The “Secret” of My Success

One fun element of my life is when I discover I am accidentally right.  So much of my life is shot from the hip that discovering I got something right is a fun diversion.  There are times I don’t guess, or take an educated guess about facts, and that’s not to what I’m referring.  What I’m talking about are those rare times I decide on a course of action, a direction, or even a restaurant and it turns out right.  The action was timely, the direction was where I needed to be, the restaurant had a short wait and great food.  I wish it happened more, and I have noticed that it has lately.

I have believed that, when my relationship with my Master is in good shape, I have a knack for making good decisions.  Obviously the qualifier makes it clear that the “intuitive” process is actually the Spirit of my Master connecting the dots for me out of sight in my unconscious mind.  He becomes the “wizard” behind the curtain, and really just as obvious.  It clearly can’t be me.  So, when Chambers uses Matthew 6:33, this verse makes a lot of sense to me.  This is my “secret for success.” 

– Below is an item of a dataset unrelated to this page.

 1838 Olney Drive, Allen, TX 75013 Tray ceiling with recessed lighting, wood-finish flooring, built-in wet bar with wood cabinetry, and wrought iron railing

In conversations, I give the impression that I’m smart, intentionally.  I also try to give the impression that I do a lot of thinking, probably more than is good for me.  But when it comes down to important stuff, the right word at the right time, hard decision, keen insight, stuff apart from random tidbits of useless knowledge, I’m not the one shining through.  I can’t be.  The real stuff in my life that is truly impressive and not fluff and show comes from my Master.  I get my best lines from Him.  I get my best insights from Him.  He makes me look real good, like a real good supporting actor.

At those times I try to appear smart, I doubt I’m really fooling anyone.  When I try to seem deep, my shallow self shows.  But when I am truly seeking the Kingdom, my King does the real stuff, and all my pretenses are lost in the reality of His action through me.  Then it becomes clear that I am a servant of the King, not the king.  It is my hope that I also appear to be a knight of the realm.  It is then that my true character marked by the presence and power of my Master truly shines through, and He is truly glorified in me.

Oswald Chambers' "My Utmost For His Highest": May 21st.